Like all iconic Arctic species, narwhals are incredibly connected to the ebb and flow of sea ice. They spend their entire lives among icebergs, migrating from the coast, where they find food along the ice edge in summer, to the deep offshore waters covered in pack ice in winter. Scientists guess they’re following their food—mainly Greenland halibut, but also cod, squid, and shrimp—that, as suction feeders, narwhals swallow whole.
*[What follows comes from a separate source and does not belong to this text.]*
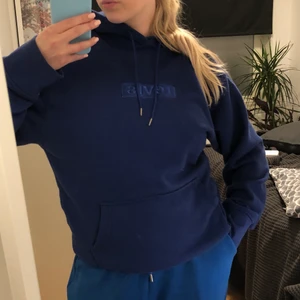 Blå Levi’s hoodie - Blå Levi’s hoodie i bra skick! Storlek M. 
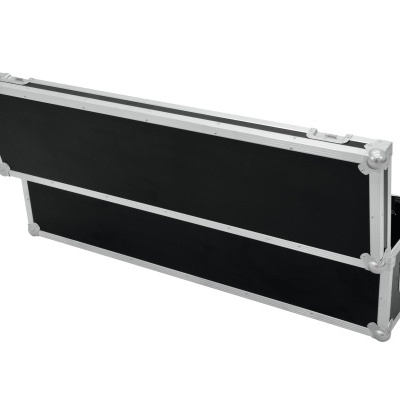 Mala de transporte preta com estrutura metálica prateada aberta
In winter, up to 97% of their habitat’s open water is frozen over, and narwhals cluster around shifting cracks in the ice—called leads—that they use as breathing holes. Because there’s not much room to swim at the surface during the colder months, the whales hunt in the water column and on the sea floor, diving down to amazing depths up to 25 times a day. One of the deepest diving whales, narwhals have been recorded at 5,827 feet—more than a mile down. Special adaptations like compressible ribs and high blood oxygen levels help them withstand underwater pressure up to 150 times that on Earth’s surface! They spend a remarkable amount of time far below the surface and far offshore, making narwhal sightings extremely rare—for both expedition cruisers and scientists alike. There’s a long way to go before we truly understand this stealth, seldom-seen species.
Take their defining feature: their legendary tusk. Science still doesn’t know the evolutionary purpose of it—a way to impress females? a tool for punching holes in sea ice? But technology is helping to peel back some of the mystery. Recent drone footage suggests that one use for the tusks is to tap and stun fish, rather than spearing them as once thought.